[[ Task inputs open ]]
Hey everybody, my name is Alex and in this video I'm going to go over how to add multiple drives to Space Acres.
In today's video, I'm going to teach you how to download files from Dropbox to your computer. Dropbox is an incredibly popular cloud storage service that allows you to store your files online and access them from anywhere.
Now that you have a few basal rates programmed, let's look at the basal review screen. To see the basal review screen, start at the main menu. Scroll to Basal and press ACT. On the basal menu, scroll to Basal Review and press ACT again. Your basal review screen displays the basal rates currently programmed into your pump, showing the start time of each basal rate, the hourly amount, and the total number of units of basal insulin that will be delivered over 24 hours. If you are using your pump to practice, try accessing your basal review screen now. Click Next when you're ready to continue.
[[ Task inputs closed ]]
[[ Task inputs open ]]
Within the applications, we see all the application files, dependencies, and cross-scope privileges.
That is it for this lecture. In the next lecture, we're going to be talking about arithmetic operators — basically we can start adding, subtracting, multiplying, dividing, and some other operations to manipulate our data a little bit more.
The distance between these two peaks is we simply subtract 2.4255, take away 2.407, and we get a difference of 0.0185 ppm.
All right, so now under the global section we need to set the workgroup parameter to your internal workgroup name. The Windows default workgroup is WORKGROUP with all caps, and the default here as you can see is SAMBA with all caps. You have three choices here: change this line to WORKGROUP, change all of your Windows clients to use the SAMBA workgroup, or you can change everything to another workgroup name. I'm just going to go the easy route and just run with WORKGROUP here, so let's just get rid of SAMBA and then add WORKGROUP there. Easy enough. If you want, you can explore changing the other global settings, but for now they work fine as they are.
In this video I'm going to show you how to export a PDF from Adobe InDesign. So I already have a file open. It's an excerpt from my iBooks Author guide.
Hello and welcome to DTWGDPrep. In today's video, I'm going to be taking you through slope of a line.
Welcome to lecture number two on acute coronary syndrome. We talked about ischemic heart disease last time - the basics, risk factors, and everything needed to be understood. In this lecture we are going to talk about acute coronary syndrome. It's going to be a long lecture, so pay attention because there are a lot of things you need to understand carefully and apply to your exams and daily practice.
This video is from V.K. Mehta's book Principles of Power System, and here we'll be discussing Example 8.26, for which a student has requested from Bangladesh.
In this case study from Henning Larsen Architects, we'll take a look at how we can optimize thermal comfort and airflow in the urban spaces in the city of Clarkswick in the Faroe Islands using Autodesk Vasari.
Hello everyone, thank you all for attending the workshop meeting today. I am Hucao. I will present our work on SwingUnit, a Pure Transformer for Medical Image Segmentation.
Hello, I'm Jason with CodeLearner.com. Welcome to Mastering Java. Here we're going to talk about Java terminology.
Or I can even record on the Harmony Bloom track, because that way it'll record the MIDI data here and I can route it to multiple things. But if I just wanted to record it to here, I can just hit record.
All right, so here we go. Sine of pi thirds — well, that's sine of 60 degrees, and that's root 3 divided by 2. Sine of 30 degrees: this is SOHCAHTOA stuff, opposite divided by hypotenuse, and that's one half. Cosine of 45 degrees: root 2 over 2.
[[ Task inputs closed ]]
• **Activity**:
Whenever the word "data" shows up in a line of the entries, list that line.

• **Answer**:
That is it for this lecture. In the next lecture, we're going to be talking about arithmetic operators — basically we can start adding, subtracting, multiplying, dividing, and some other operations to manipulate our data a little bit more.
Or I can even record on the Harmony Bloom track, because that way it'll record the MIDI data here and I can route it to multiple things. But if I just wanted to record it to here, I can just hit record.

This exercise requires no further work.